In his somewhat misleadingly titled post, my friend Steve breathlessly reports that a small survey of 299 college professors shows them to mostly vote Democratic. Whaaaa…? College professors mostly “D”s? Stop the presses(!?)
While I suppose it’s mildly interesting those surveyed happen to be professors of Economics, they are hardly representative of the 15,000 economists in the United States, or the millions who have formally studied how goods and services are created and allocated. It’s also not well aligned with my post (which he claims to be refuting) where I address ideology and worldview (constrained vs unconstrained), not political party. There are many members of both “Sowellian” worldviews in any single party. Even a staunch capitalist/individualist like me can make the case that I have checked the “D” box more often on ballots than I have the “R” box.

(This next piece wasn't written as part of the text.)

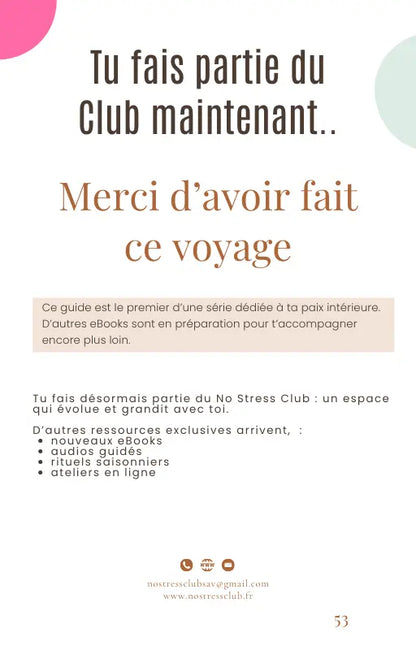 Programme 21 Jours Pour Lâcher Prise - NoStressClub NoStressClub.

If you step outside the ivory towers of academia and strive for a representative, broad sampling of those trained in Economics, a different story emerges. When you go for real statistical significance — of say 2,000 samples — and include controls for a number of personal background variables the data is much clearer and aligned with what common sense would tell an econ major. I’ll let the New York Fed report speak for itself:
…those who took more economics classes or who majored in economics or business were more likely to be members of the Republican party and less likely to join the Democratic party. Those findings hold even after controlling for the higher salary, higher equity in real estate holdings, and earning a graduate degree.
For example, taking five economics courses is associated with an eight percent decrease in the likelihood of joining the Democratic party and more than a 10 percent higher chance of joining the Republican party. These marginal effects are large relative to the unconditional means reported in Table 1. For example, approximately 40 percent of respondents report being members of the Republican party, so a 10 percentage point increase for 5 economics courses represents a 25 percent increase…
Following previous research on the relationship between studying economics and attitudes on public policy issues (Allgood and Walstad 1999; Becker, Walstad, and Watts 1994), we drew several items on public policy issues from a survey of 464 American Ph.D. economists Alston et al. (1992). Becker, Walstad, and Watts (1994) sent a survey of 28 items to national samples of economic educators, secondary economics teachers, secondary [social studies] teachers not specializing in economics, and journalists, and found that the responses of economic educators and economics teachers were closer to responses of economists in the Alston et.al.
“Courses” refer to formal economics educational attainment. I assume those who have pursued a “self-taught” route toward economics selective/partial-literacy would only find their pre-existing world-views pleasantly reinforced.
As I’ve always said, I admit I have a slanted worldview, but it’s one based on formal education. You don’t spend years studying a discipline based on scarcity and find yourself believing that you can magically legislate away competition for housing or medical care.
On a related note, I encourage all to read this article which summarizes the happenings at a 2007 American Economics Association (AEA) convention. The ideological bent amongst the professional economists was palpable there, and aligns with what I would have anticipated. Not Democrat, not Republican, just Constrained.